Jika bukan takdir langit dan titah dari ayahnya dulu mungkin dirinya tidak akan meninggalkan laki-laki yang selalu ada untuknya.
"Dimana cucuku?
Tanya Dewi Ratu Phoenix dengan dingin.
"Cucu?
Beo mereka berdua. Kaisar dan Dewa Agung.
"Sejak kapan Ratu Phoenix ini punya Cucu. Batin Kaisar langit.
"Cepat sekali Dirinya punya cucu.
"Sementara aku?
"Jangankan cucu Istri saja tak punya.
Batin Dewa Agung.
"Sejak kapan Dewi Phoenix Putrimu melahirkan?
__ADS_1
"Bukan Dewi Phoenix sudah meninggal saat terjadi perang antara klan Phoenix dan Klan Naga Hitam?

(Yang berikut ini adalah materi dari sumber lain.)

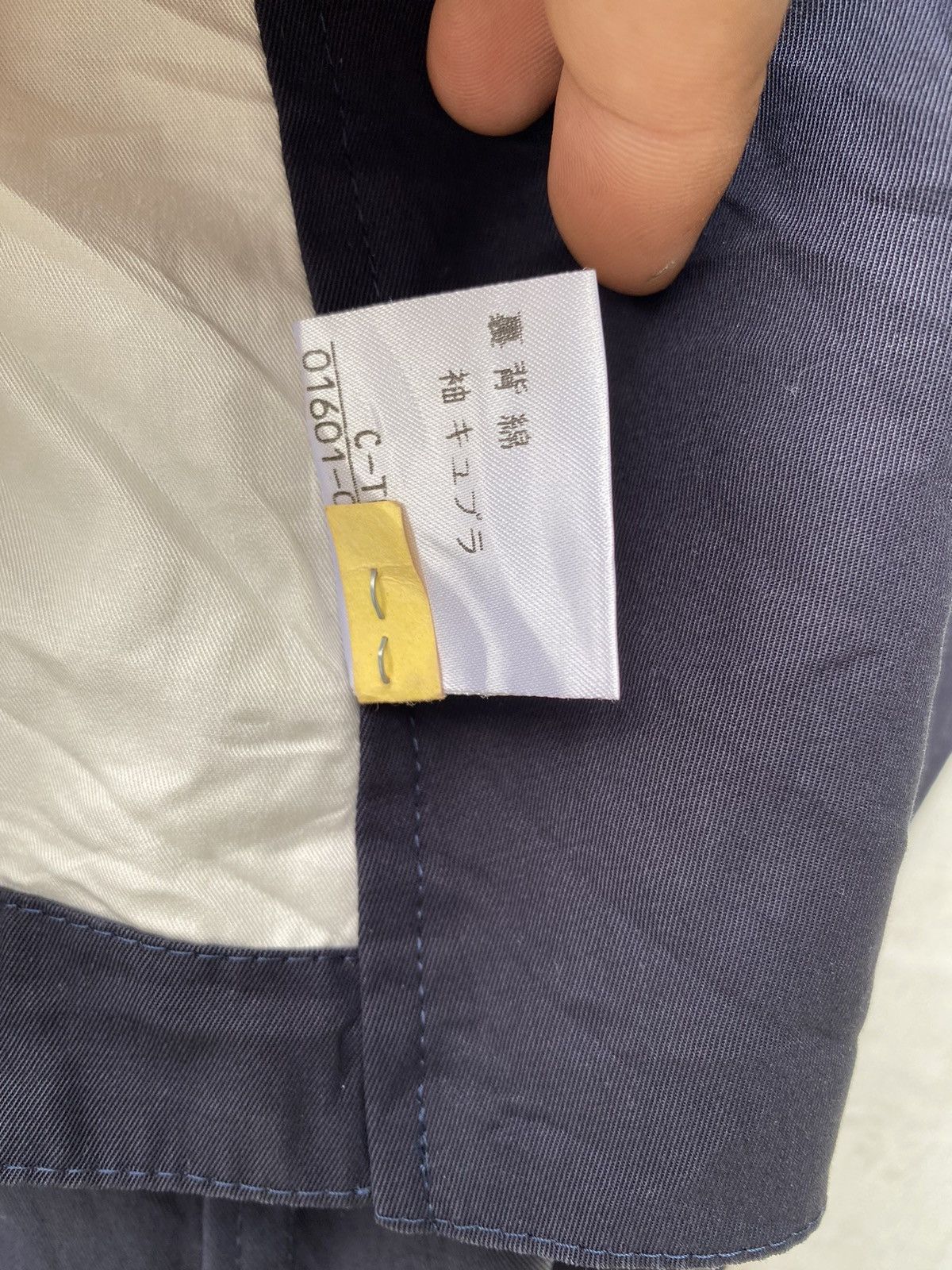 Burberry × Burberry Prorsum BURBERRY LONG JACKET RAYON Size US L / EU 52-54 / 3 - 6 Thumbnail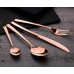 Набір столових приборів 24 предмети Berlinger Haus Rose Gold (BH-2637)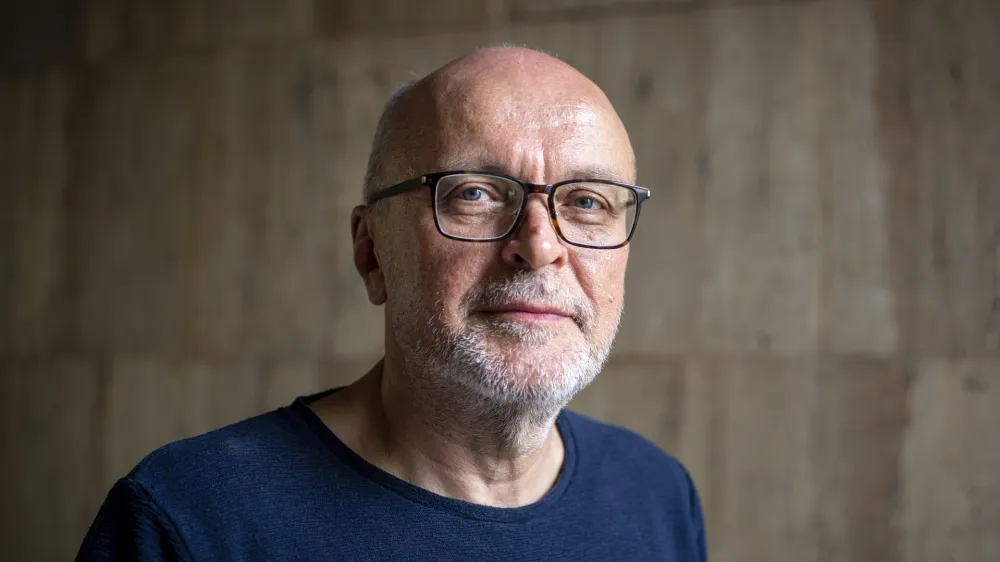 - 07.08.2019  Miha Mazzini - pisatelj, scenarist in publicist -  //FOTO: Matja Rut
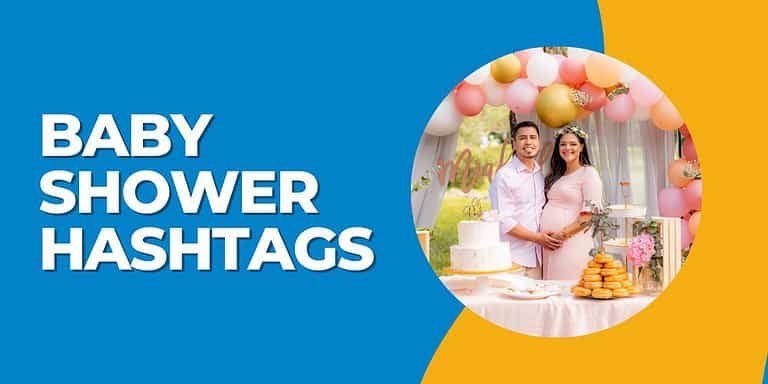 Baby Shower Hashtags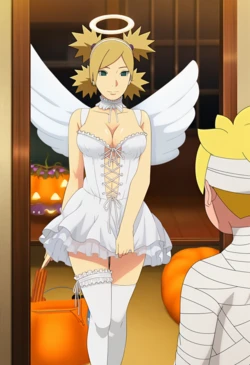 TheFarAi Boruto X Temari Halloween (Ai Generated)
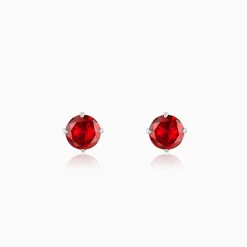 Silver Ruddy Studs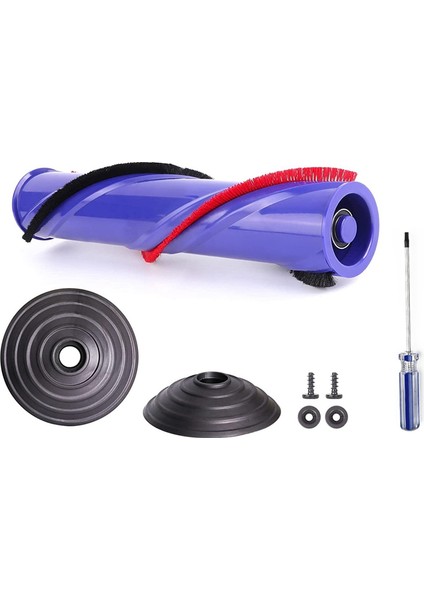 Dyson V6 V7 DC59 Elektrikli Süpürge Parçaları Için Bilyalı Tekerlek ve Silindir Fırça Çubuğu Seti Tahrik Mili Üzerindeki 4-Hong'lar Için (Yurt Dışından)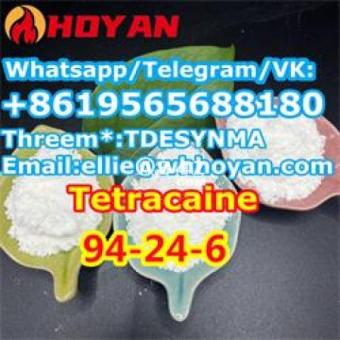 Safe delivery tetracaine Cas 94-24-6 MX, EU, CA, US supply  +86 19565688180 - 2/2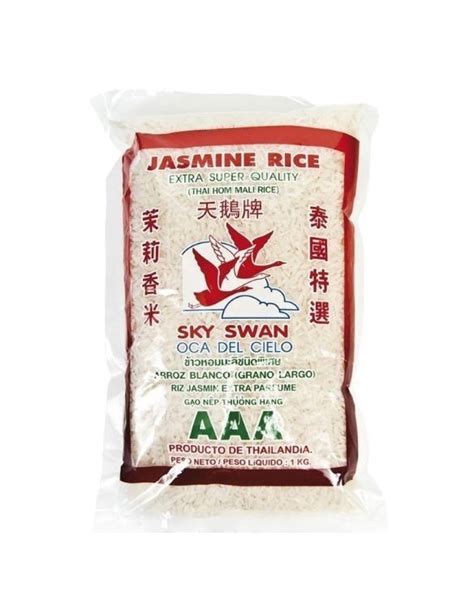 Comprar ONLINE Arroz jazmín SKY SWAN 1 kg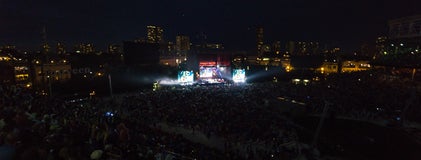 Seat view from Upper Reserved Infield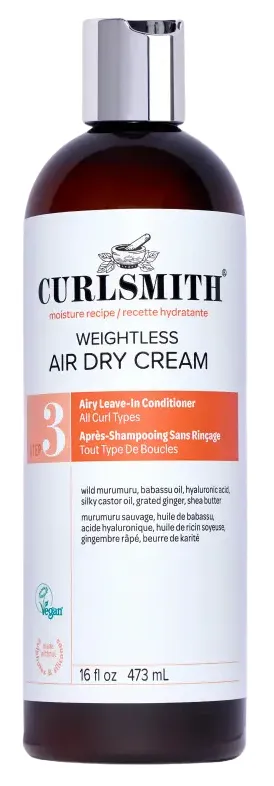 CURLSMITH Weightless Air Dry Cream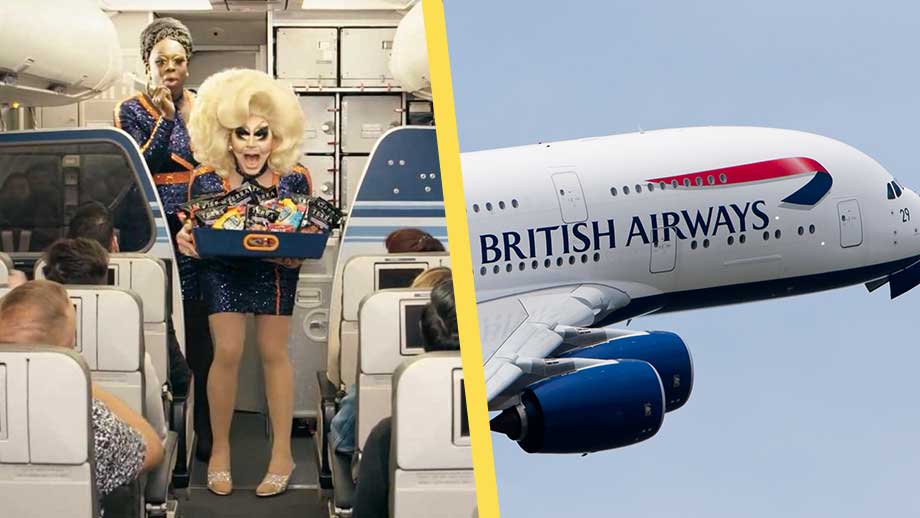 Flygbolag öppnar för ”transvärdinnor”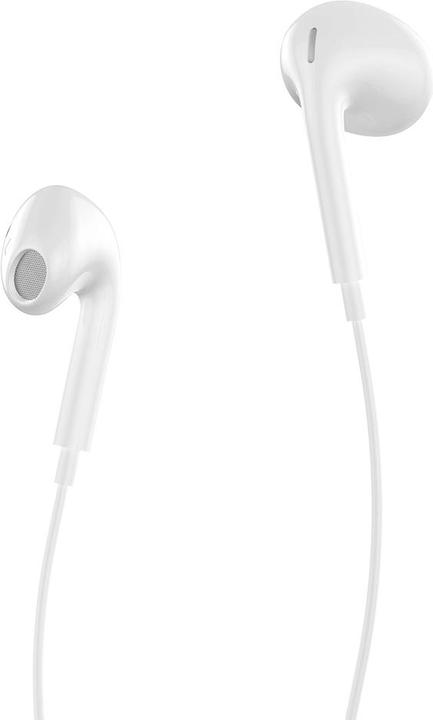 Actual product image xO wired earphones EP74 USB-C white (Cable)
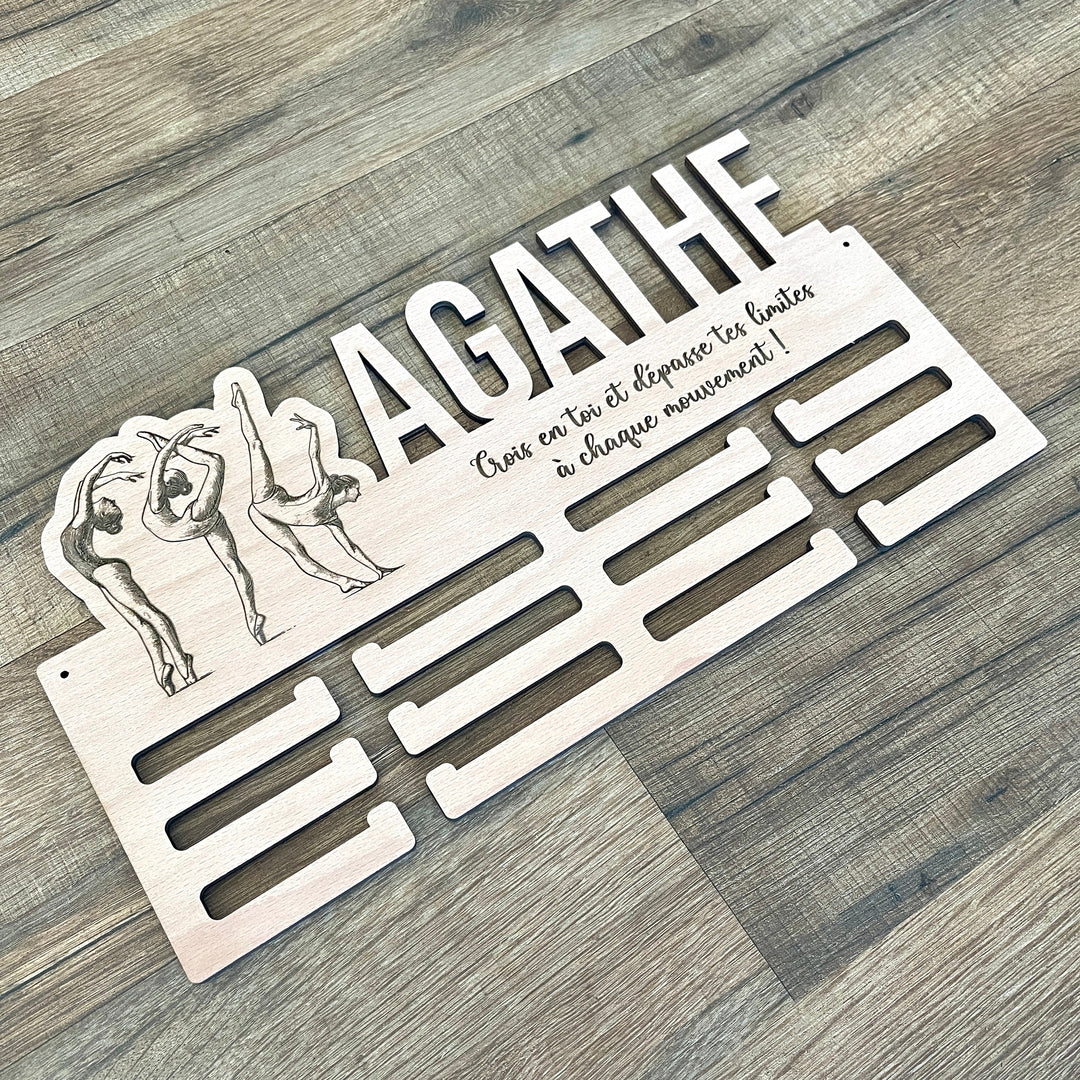 Support à médailles personnalisé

"Kapan Dia melahirkan Cucumu?
"Dan kenapa lonceng di Kuil Menara Suci tidak berbunyi Saat kelahiran cucumu?
Tanya Kaisar langit.
Dia merasa kehidupan para Klan Phoenix sangat misterius.
Walaupun dia sebagai Kaisar langit. Dirinya juga di batasi untuk mengetahui kehidupan setiap para Dewa dan Dewinya.
Ratu Phoenix menghela nafas panjang. Sorot matanya sedikit teduh.
"Beberapa hari sebelum Putriku pergi berperang.
"Putriku baru menyadari dirinya sedang hamil muda.
" Sebelum Putriku pergi menyusul menantuku.
"Putriku sempat mengeluarkan Kristal Emas Darah dari dalam tubuhnya.
"Kristal itu masih kecil dan belum terbentuk.
Ucap Ratu Phoenix sedikit bergetar.
Airmatanya langsung jatuh saat mengingat kehidupan tragis Putrinya dan menantunya.
Di tambah lagi cucunya yang hilang bak di telan alam semesta. Membuat Ratu Phoenix semakin terluka dan merasa tidak becus sebagai Neneknya.
Dewa Agung yang melihat Ratu Phoenix menangis menggertakkan giginya. Dia paling benci jika wanita itu sudah menangis.
"Jangan menangis.
"Kita akan mencari sama-sama.
Ucap Dewa Agung lembut.
Membuat Kaisar langit mengerutkan keningnya.
"Mulai lagi sahabatku ini. Batinya
"Setelah Putrimu memberikan Kristal Emas Darah itu.
"Kemana kamu memeliharanya?
"Kenapa juga kau malah bertanya kepada kami.
Ucap Kaisar langit sedikit jengkel.
Walaupun dirinya seorang Kaisar. Dia tidak tahu menahu tentang kehidupan para Dewa dan Dewinya.
"Mungkinkah cucunya lebih menjengkelkan. Batin Kaisar.
Sementara Heng Yuze hanya pendengar setia. Tetapi dirinya memasang telinganya dengan tajam.
Heng Yuze sedikit tertarik dengan cucu Ratu Phoenix itu.
Ratu Phoenix yang mendengarkan ucapan tak bersahabat dari Kaisar langit mencoba bersabar.
"Awalnya aku membawa cucuku ke Gua Giok karena disana ada Danau suci.
Itu sangat cocok untuk pertumbuhan cucuku yang masih kecil.
Saat aku meletakkan Bola kristal Emas darah itu kedalam danau suci.
Bola kristal itu terbelah dua. Kristal Emas darah itu tiba-tiba masuk kedalam pusaran Danau suci dan tidak terlihat.
Bahkan jiwanya yang didalam kristal itu tidak bisa kutemukan sementara sisa Kristal Emas darah itu masih tetap didalam danau Suci.
Setelah aku memastikan jiwanya masih ada walaupun sedikit lemah.